Staff nurse Toh Hui Xian copes with the ups and downs in the fast-paced environment of the emergency room to alleviate suffering and save lives
THE patient’s mobile phone rang, but instead of picking it up, staff nurse Toh Hui Xian stood still, almost transfixed on the screen as its shrill sounds echoed in the emergency room.
The patient — a Chinese man in his 40s — had just been pronounced dead after failing to be resuscitated from a heart attack.
Ms Toh, 24, who has been working in the emergency department of the Singapore General Hospital since 2006, quickly recovered and answered the patient’s mobile phone. It was his wife on the line.
“I could only ask the patient’s wife to come to the hospital as soon as she could. I could sense the anxiety of the wife when she learnt that her husband had been sent to the hospital. She kept asking me if her husband was all right.
“I felt terribly sorry that I could not reveal the truth to her over the phone. At that moment, I felt so helpless as there was nothing I could do,” recalls Ms Toh, who was one of the recipients of the HealthcareHumanitarian Award this year.
That episode happened just a few weeks after she joined the department. Since then, she has been through several more of these incidents, but “it is still very heart wrenching every time I am faced with the death of a patient”.
Emotional experiences like these are what nurses in the emergency departments go through as part of their everyday work.
Ms Toh, who was inspired to become a nurse after witnessing what happened to helpless patients during the Sars period, works in shifts that are rostered monthly, and different duties are rotated among all the nurses.
“For example, one day I may be assessing patients when they come in at the triage area to quickly gauge their problems, another day I might be in the critical care area for patients in need of urgent treatment.
“I am also trained to help in the resuscitation area for the most serious cases, like people who are brought in after a serious road accident.
“Each area will require me to wear a different hat within the role of a nurse in order to provide the most suitable patient care or support to the doctor,” she
Besides being well trained for the many aspects in emergency care, certain attributes are required too, she says.
“I have to be a reliable worker whom my colleagues trust or count on. “I also need the ability to multitask and think on my feet as the work environment is ever changing.”
She also faces challenges like managing the expectations of tired, worried and anxious family members of the patients.
“It is common for us to face anxious relatives who can be demanding and nasty towards us. We need to be patient and compassionate when dealing with these situations,” she says.
“The dynamic work environment in the emergency department also means that we need to be versatile and knowledgeable about our work."
- Staff nurse Toh Hui Xian, emergency department of the Singapore General Hospital
“I am glad that the department sends me constantly for upgrading courses to equip me with up-to-date skills and knowledge.”

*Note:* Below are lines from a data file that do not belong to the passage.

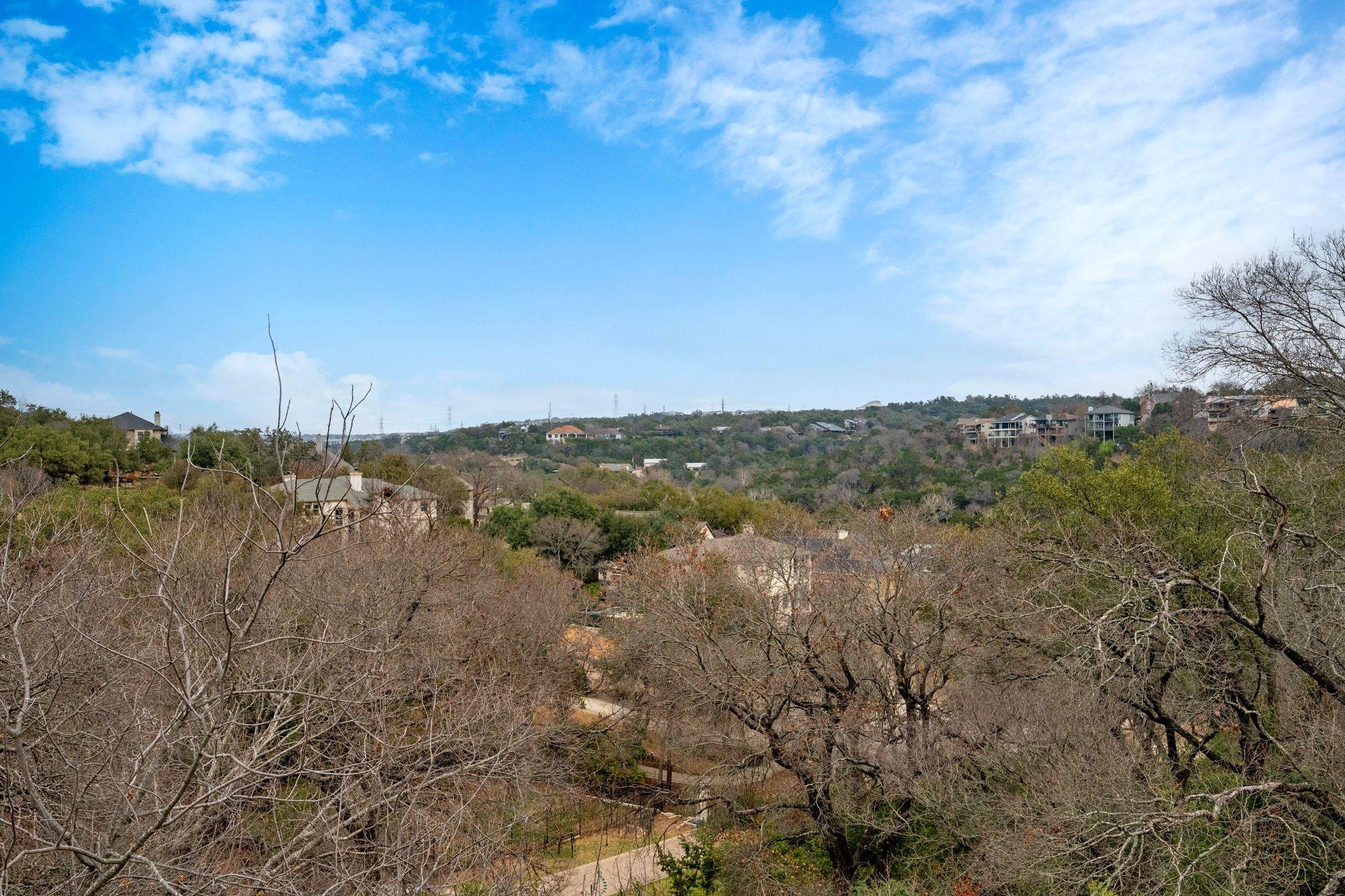 5600 SPURFLOWER Dr, Austin, TX 78759
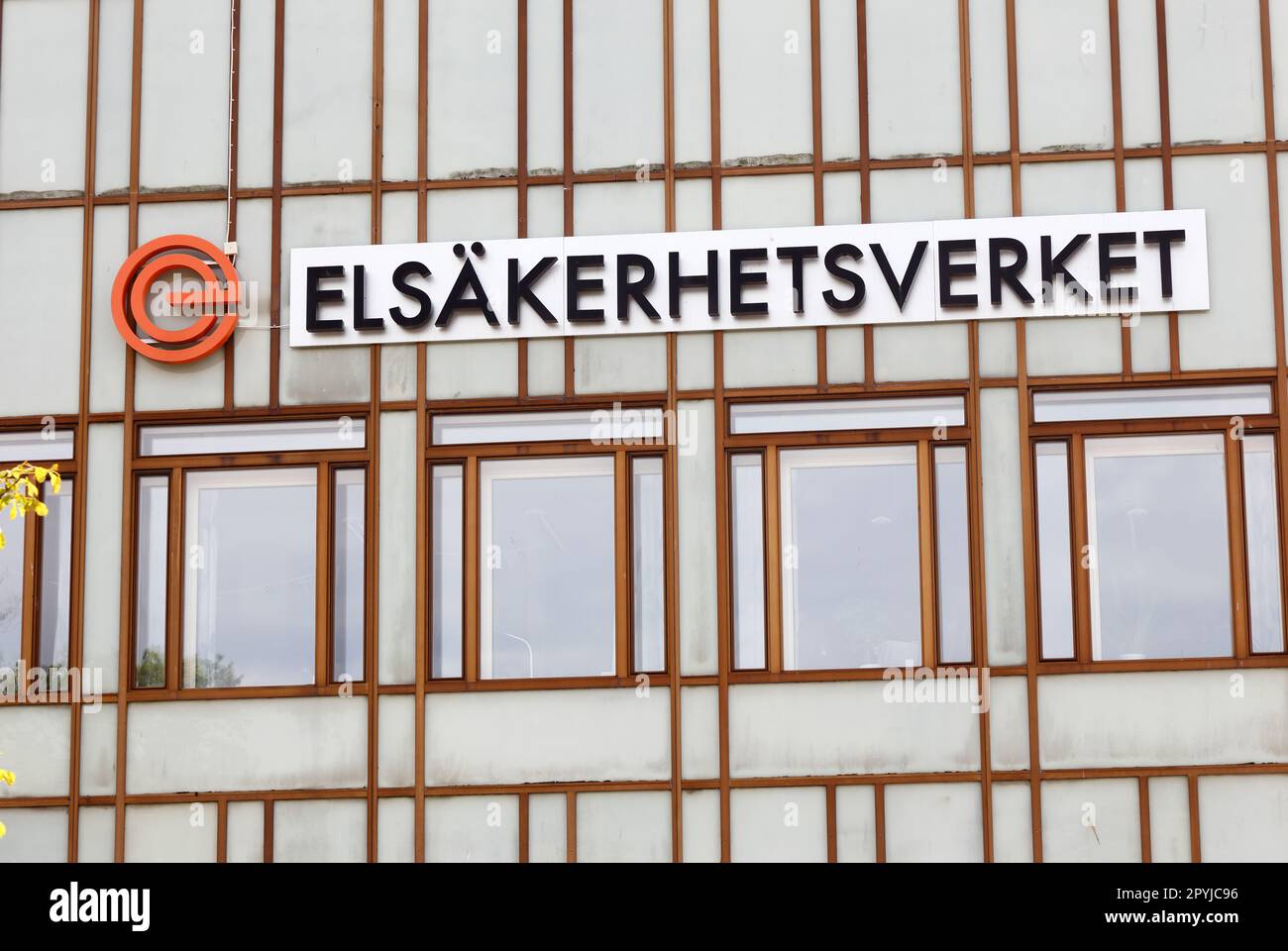 Kristinehamn, Suède - 11 août 2018 : panneau de bureau du National Electrical Safety Board. Banque D'Images Kristinehamn, Suède - 11 août 2018 : panneau de bureau du National Electrical Safety Board. Banque D'Images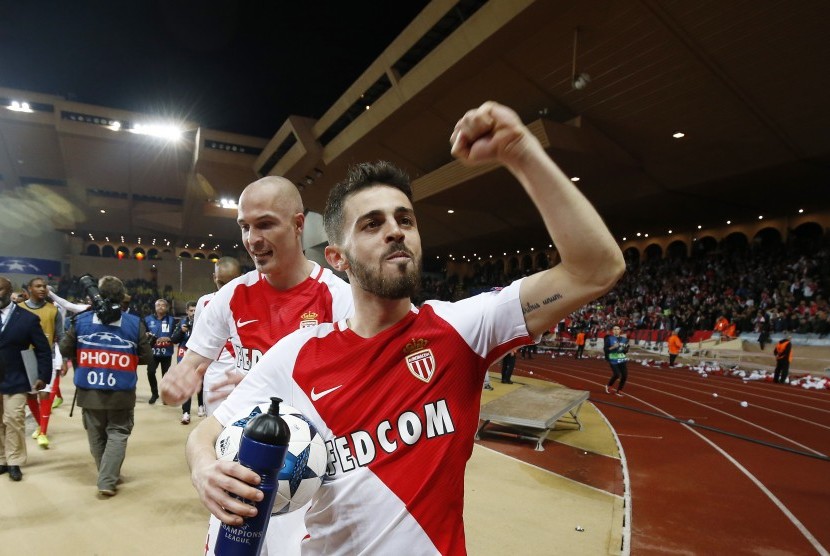 Winger AS Monaco, Bernardo Silva merayakan kemenangan atas Manchester City pada laga Liga Champions di Stade Louis II, Kamis (16/3) dini hari WIB. Monaco melaju ke babak delapan besar.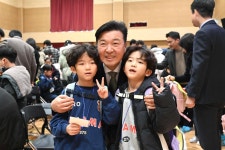 보성초등학교 입학식 활동사진 < 소통과 참여 < 열린군수실 보성초등학교 입학식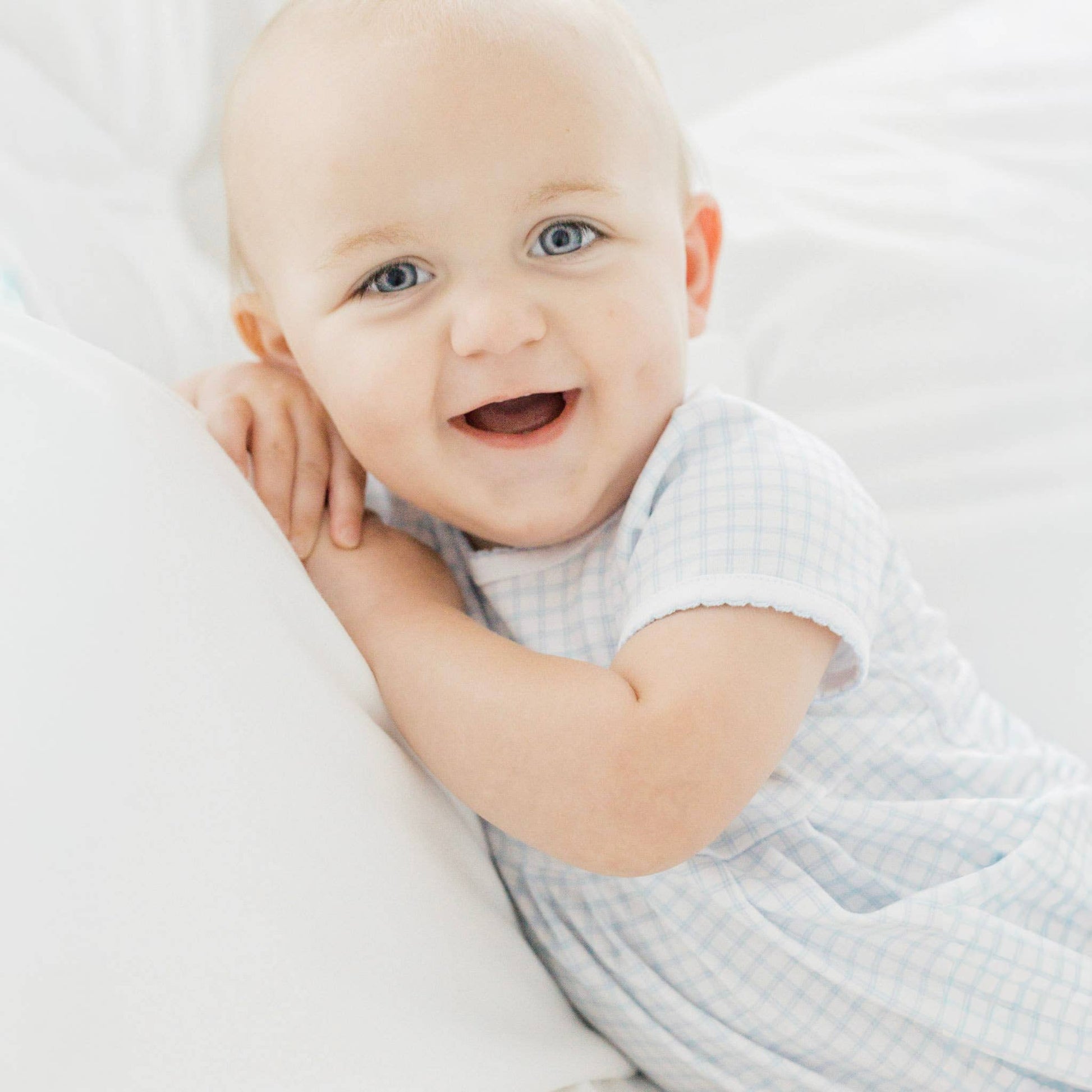Peek-A-Boo Wishes Bubble - Light Blue Magnolia Baby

As part of her training and voluntary work, Ms Toh also went on humanitarian missions to Sri Lanka after the 2004 tsunami, and to Myanmar two years ago to render aid to cyclone survivors.
Clearly, no two days are the same in Ms Toh’s line of work and she relishes it.
“The fast-paced environment keeps my adrenalin going and I know that I will never get bored in such a dynamic, yet satisfying, working environment,” she says.